In London, members of the movement, Extinction of Rebellion (“Rebellion endangered”) repeatedly blocked the movement of cars and public transport in Central London, including three metro stations in the evening rush hour. During the “autumn uprising” movement, police arrested more than 1.5 thousand people.
New 1968…
“The world is experiencing a new 1968,” says bi-Bi-si Alexander Baunov, editor Carnegie.ru. As in 1968, different countries being convulsed by protests that differ on their agenda.
“In France in 1968 students were protesting against the bourgeois values of the old establishment and the traditional politicians. Parisian students pretended that inspired by socialism and Mao Zedong, “- said Baunov. Simultaneously there was the “Prague spring”, which, by contrast, were capitalist and democratic agenda, reminded the expert.
Photo: EPA
In Iraq, mass protests began in the provinces, and then swept and Baghdad
Common between protests then and now was “breaking the status quo”.
“People are also unhappy with different things, but there is a General feeling that the world order has become obsolete and it’s time to change, – the expert added. – Doomed the Hong Kong political protest looks like, and in fact it is social. In Chile, where a democracy of the European type, there is frustration that, despite the regular change of power, nothing has changed the social and life remains difficult.”

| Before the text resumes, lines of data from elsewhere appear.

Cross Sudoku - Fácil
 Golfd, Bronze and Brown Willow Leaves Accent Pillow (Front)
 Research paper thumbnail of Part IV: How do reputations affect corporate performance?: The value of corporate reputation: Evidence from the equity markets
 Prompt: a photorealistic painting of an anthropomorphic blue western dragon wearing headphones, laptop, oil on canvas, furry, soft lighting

According to Baunova in Moscow “all the discontent comes down to the lack of democracy, but if Russia was a democratic country, she would have been captured by the protest wave, which otherwise would be expressed”.
He suggested that in world politics “there is a recurrence similar to the cyclical nature of the global economic crises that affect a wide variety of economy”.
Or unrelated protests?
Photo: AFP
Experts argue about when the Russian protests to the global processes
At rallies in different parts of the world, “little in common”, on the contrary I am convinced Dmitry Travin, Professor of Economics and Director of the Center for modernization studies at the European University in St. Petersburg. Even similar tactics protests in Barcelona and Hong Kong differ substantially.

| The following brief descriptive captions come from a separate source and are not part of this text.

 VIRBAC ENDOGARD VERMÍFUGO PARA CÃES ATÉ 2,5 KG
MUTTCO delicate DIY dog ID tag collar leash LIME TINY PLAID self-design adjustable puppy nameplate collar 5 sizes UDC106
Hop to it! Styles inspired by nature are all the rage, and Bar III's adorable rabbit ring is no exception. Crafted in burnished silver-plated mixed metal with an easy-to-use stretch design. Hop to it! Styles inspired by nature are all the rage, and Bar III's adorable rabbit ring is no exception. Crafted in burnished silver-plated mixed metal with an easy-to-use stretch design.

“Humanity is constantly protests a year ago, we would have found a lot of protests in different parts of the world,” added Travin.
“In Russia, protests related to the domination of an authoritarian regime,” – said the expert. The banning of independent candidates in Moscow – the only reason, “the appeal is the very existence of the Putin regime.”
Even different protests in Russia affect different segments of the population, says Travin. Protest against waste dump Cheese was a matter of “survival” for the region’s residents, while in Moscow to protest enough wealthy people who “think about development and not about survival.”